Assignment:
Each line below from the line with "Hipster Cats &" to the line with "Super Mario Wallpaper" must be copied exactly, including those two, and no picture may appear in the copy.

Records for processing:

--*--

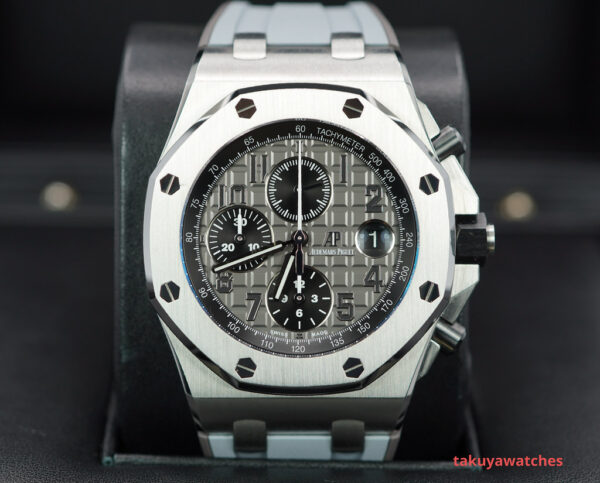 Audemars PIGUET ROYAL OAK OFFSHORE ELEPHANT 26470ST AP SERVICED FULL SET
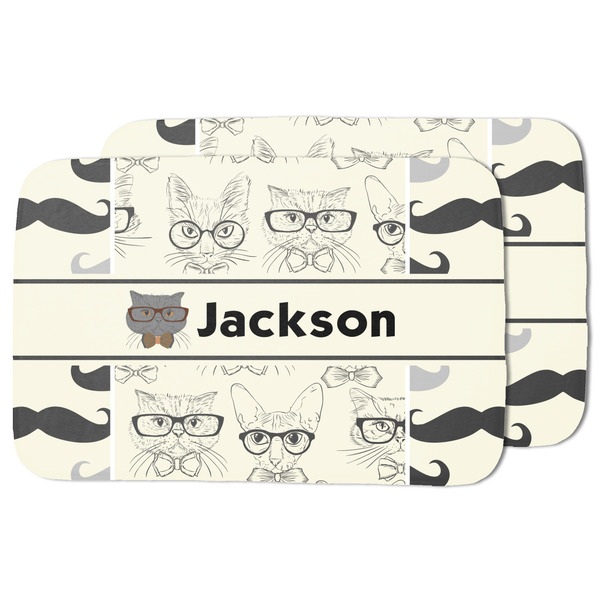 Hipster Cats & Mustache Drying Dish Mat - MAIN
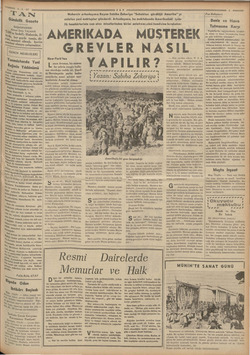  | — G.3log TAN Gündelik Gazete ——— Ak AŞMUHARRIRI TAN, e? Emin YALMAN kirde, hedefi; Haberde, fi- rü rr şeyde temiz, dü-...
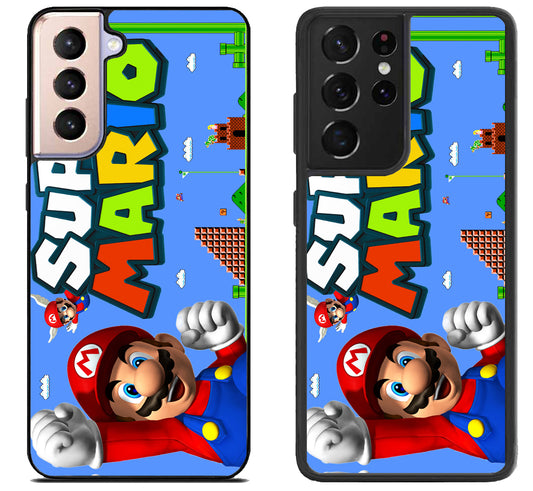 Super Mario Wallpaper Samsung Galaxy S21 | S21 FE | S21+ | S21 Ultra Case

--*--

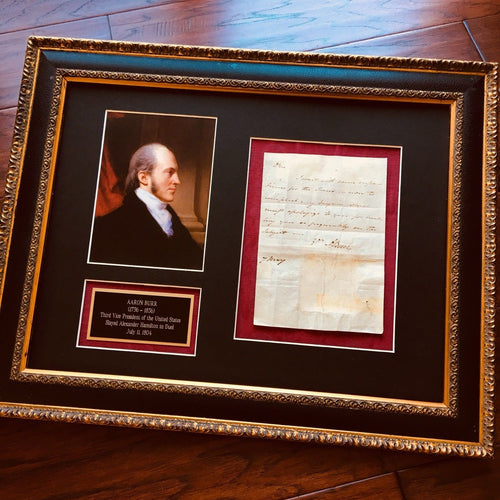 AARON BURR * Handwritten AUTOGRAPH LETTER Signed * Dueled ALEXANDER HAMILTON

--*--

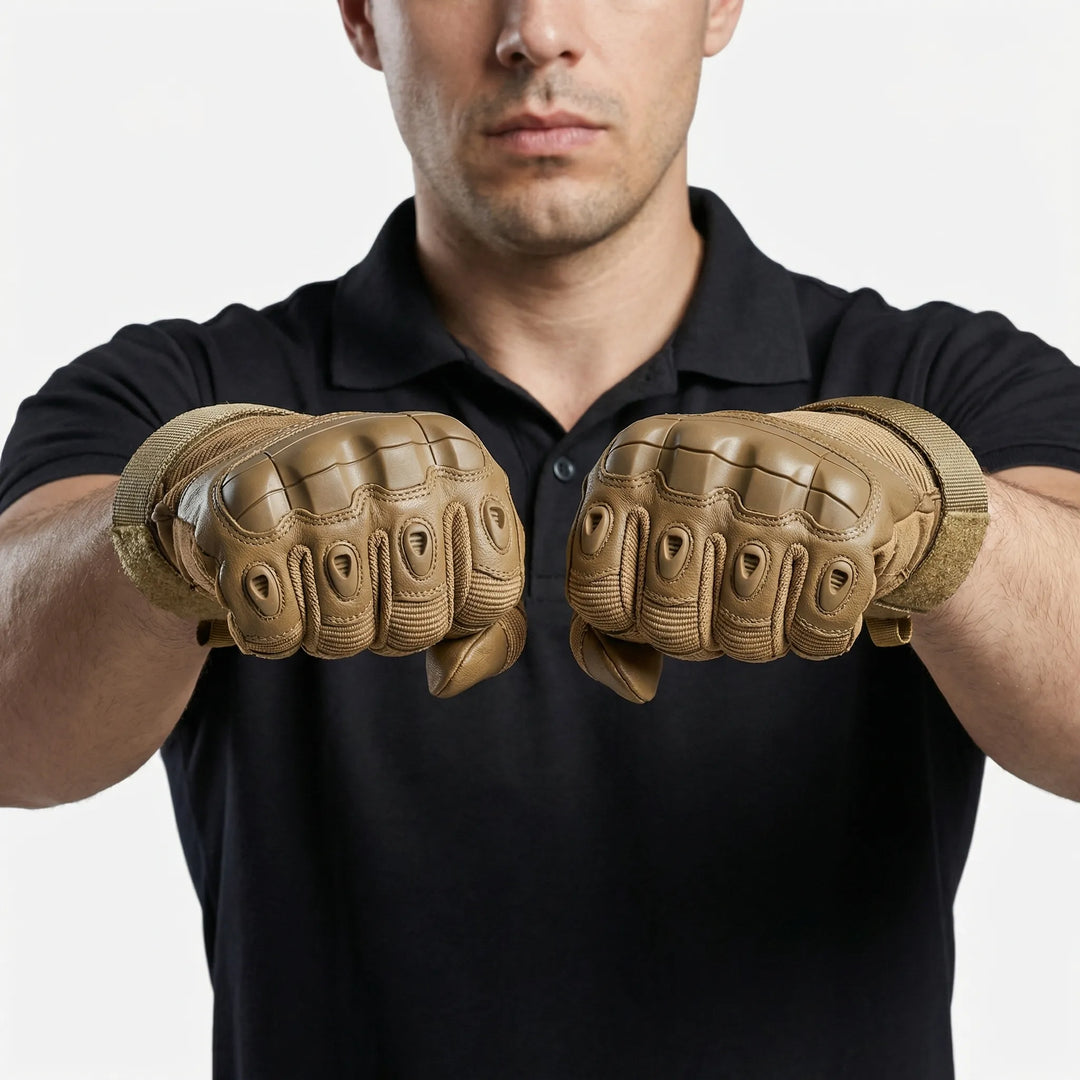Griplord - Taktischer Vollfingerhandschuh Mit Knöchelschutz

--*--

Response:
 Hipster Cats & Mustache Drying Dish Mat - MAIN
  | — G.3log TAN Gündelik Gazete ——— Ak AŞMUHARRIRI TAN, e? Emin YALMAN kirde, hedefi; Haberde, fi- rü rr şeyde temiz, dü-...
 Super Mario Wallpaper Samsung Galaxy S21 | S21 FE | S21+ | S21 Ultra Case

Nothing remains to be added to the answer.